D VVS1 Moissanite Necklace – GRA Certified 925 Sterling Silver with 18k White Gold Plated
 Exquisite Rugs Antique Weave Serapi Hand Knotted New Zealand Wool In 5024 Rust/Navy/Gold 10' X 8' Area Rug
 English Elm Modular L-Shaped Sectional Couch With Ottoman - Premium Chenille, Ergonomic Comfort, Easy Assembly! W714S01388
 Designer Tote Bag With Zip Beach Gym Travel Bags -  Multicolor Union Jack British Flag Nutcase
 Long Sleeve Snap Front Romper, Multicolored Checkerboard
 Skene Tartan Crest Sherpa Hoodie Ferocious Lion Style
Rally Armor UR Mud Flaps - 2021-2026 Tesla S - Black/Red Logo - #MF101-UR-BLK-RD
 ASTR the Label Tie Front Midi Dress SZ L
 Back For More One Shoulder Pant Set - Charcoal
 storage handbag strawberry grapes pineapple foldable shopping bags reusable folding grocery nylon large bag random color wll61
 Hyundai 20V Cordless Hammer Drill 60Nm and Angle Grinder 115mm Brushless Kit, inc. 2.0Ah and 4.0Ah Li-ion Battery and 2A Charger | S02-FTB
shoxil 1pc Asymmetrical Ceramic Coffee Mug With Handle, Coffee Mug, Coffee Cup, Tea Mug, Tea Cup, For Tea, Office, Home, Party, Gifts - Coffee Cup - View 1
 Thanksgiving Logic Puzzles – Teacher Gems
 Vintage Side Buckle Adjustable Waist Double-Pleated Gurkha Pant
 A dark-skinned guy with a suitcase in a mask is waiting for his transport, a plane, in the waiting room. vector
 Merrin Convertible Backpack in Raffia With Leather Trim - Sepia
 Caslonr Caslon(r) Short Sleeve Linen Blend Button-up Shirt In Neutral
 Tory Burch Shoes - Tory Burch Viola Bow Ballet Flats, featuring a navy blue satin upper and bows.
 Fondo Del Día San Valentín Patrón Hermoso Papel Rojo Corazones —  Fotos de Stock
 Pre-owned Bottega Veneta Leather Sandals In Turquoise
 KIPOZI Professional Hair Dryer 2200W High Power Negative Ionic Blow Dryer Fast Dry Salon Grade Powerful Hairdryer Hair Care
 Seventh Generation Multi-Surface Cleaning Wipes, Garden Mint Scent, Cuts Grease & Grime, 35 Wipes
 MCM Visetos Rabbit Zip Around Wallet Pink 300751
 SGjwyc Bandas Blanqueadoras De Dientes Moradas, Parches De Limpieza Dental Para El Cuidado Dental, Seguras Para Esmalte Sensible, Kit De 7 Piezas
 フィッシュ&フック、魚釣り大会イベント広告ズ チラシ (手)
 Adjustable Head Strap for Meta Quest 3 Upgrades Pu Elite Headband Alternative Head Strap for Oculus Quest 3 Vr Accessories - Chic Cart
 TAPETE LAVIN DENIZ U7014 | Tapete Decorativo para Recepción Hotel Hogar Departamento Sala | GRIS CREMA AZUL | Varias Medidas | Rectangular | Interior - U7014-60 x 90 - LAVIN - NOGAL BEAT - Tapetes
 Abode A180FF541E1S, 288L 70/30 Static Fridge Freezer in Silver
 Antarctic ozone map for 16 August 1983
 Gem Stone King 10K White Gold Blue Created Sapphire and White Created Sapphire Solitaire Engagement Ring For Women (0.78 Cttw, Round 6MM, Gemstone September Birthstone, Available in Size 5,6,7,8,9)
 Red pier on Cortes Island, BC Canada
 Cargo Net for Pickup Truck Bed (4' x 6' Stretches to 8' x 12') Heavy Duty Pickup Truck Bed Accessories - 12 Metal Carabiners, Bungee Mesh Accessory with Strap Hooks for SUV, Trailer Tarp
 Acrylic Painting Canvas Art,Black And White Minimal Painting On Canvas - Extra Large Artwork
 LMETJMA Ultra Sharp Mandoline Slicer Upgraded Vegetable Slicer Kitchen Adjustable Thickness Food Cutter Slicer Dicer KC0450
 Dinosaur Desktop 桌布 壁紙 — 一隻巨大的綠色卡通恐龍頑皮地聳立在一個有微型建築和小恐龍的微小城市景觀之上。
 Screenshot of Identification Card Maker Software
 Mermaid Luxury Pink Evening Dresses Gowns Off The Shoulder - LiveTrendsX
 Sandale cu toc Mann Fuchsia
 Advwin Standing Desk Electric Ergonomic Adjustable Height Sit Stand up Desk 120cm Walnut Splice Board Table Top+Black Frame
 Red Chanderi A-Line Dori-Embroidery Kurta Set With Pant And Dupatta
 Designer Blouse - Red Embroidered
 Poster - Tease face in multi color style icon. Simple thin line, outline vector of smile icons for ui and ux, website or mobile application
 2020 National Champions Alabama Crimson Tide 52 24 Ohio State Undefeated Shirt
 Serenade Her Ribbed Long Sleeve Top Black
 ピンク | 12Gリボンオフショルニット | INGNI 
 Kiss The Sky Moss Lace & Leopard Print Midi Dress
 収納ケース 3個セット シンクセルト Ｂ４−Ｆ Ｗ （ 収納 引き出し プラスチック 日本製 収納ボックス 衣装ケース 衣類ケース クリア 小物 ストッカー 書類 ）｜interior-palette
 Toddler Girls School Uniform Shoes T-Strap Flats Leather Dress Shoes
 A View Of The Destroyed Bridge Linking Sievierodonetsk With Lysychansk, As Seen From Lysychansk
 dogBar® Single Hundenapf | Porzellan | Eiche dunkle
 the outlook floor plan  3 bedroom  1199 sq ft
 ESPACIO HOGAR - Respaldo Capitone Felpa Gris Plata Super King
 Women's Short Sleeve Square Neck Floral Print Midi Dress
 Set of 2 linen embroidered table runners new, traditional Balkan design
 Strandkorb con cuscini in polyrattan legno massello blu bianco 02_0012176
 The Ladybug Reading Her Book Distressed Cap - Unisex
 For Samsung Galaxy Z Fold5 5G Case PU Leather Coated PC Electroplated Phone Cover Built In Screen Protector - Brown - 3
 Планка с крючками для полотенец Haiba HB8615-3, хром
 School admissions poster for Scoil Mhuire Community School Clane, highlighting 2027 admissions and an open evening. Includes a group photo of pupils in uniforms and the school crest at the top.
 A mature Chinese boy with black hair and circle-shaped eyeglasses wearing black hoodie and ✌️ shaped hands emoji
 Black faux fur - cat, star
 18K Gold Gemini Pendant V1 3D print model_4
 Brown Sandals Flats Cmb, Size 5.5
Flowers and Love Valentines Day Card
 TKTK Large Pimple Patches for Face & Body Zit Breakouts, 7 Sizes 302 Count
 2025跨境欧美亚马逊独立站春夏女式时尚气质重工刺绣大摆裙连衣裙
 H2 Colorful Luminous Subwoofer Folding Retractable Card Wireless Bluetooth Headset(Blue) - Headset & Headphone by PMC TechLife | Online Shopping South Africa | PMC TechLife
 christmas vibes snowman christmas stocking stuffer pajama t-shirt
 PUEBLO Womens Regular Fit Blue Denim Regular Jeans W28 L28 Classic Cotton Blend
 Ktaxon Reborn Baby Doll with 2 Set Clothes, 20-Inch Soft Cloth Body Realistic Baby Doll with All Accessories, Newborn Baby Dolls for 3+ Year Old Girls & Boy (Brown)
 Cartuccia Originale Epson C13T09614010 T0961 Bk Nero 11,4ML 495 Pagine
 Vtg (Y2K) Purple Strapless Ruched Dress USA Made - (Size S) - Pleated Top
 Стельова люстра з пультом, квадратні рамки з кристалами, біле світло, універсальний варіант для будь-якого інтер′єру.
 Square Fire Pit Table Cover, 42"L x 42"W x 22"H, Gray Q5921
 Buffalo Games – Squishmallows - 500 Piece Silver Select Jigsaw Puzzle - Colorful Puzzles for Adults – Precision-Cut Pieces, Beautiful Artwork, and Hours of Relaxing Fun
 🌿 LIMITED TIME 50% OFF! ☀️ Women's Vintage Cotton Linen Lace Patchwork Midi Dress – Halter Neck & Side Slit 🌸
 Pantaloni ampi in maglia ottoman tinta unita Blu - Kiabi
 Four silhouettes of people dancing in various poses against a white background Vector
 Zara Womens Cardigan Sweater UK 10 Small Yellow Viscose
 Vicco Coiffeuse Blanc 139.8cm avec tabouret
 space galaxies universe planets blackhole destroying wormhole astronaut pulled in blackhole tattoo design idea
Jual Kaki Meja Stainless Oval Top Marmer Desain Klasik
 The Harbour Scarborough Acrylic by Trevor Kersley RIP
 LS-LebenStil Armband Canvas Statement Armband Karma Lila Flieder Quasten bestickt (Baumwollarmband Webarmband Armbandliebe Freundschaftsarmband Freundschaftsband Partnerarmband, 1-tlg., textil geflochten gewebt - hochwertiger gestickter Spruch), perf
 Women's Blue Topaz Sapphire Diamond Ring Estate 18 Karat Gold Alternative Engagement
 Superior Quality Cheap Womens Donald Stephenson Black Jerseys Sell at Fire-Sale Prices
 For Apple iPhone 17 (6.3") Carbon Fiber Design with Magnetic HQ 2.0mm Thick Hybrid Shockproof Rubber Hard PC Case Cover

○ ○ ○ ○ ○ ○ ○

### EXERCISE AIM
With the line that has "christmas vibes snowman" as the first and the line that has "Superior Quality Cheap" as the last, repeat exactly that run of lines above and no more.

### OUTPUT BELOW
 christmas vibes snowman christmas stocking stuffer pajama t-shirt
 PUEBLO Womens Regular Fit Blue Denim Regular Jeans W28 L28 Classic Cotton Blend
 Ktaxon Reborn Baby Doll with 2 Set Clothes, 20-Inch Soft Cloth Body Realistic Baby Doll with All Accessories, Newborn Baby Dolls for 3+ Year Old Girls & Boy (Brown)
 Cartuccia Originale Epson C13T09614010 T0961 Bk Nero 11,4ML 495 Pagine
 Vtg (Y2K) Purple Strapless Ruched Dress USA Made - (Size S) - Pleated Top
 Стельова люстра з пультом, квадратні рамки з кристалами, біле світло, універсальний варіант для будь-якого інтер′єру.
 Square Fire Pit Table Cover, 42"L x 42"W x 22"H, Gray Q5921
 Buffalo Games – Squishmallows - 500 Piece Silver Select Jigsaw Puzzle - Colorful Puzzles for Adults – Precision-Cut Pieces, Beautiful Artwork, and Hours of Relaxing Fun
 🌿 LIMITED TIME 50% OFF! ☀️ Women's Vintage Cotton Linen Lace Patchwork Midi Dress – Halter Neck & Side Slit 🌸
 Pantaloni ampi in maglia ottoman tinta unita Blu - Kiabi
 Four silhouettes of people dancing in various poses against a white background Vector
 Zara Womens Cardigan Sweater UK 10 Small Yellow Viscose
 Vicco Coiffeuse Blanc 139.8cm avec tabouret
 space galaxies universe planets blackhole destroying wormhole astronaut pulled in blackhole tattoo design idea
Jual Kaki Meja Stainless Oval Top Marmer Desain Klasik
 The Harbour Scarborough Acrylic by Trevor Kersley RIP
 LS-LebenStil Armband Canvas Statement Armband Karma Lila Flieder Quasten bestickt (Baumwollarmband Webarmband Armbandliebe Freundschaftsarmband Freundschaftsband Partnerarmband, 1-tlg., textil geflochten gewebt - hochwertiger gestickter Spruch), perf
 Women's Blue Topaz Sapphire Diamond Ring Estate 18 Karat Gold Alternative Engagement
 Superior Quality Cheap Womens Donald Stephenson Black Jerseys Sell at Fire-Sale Prices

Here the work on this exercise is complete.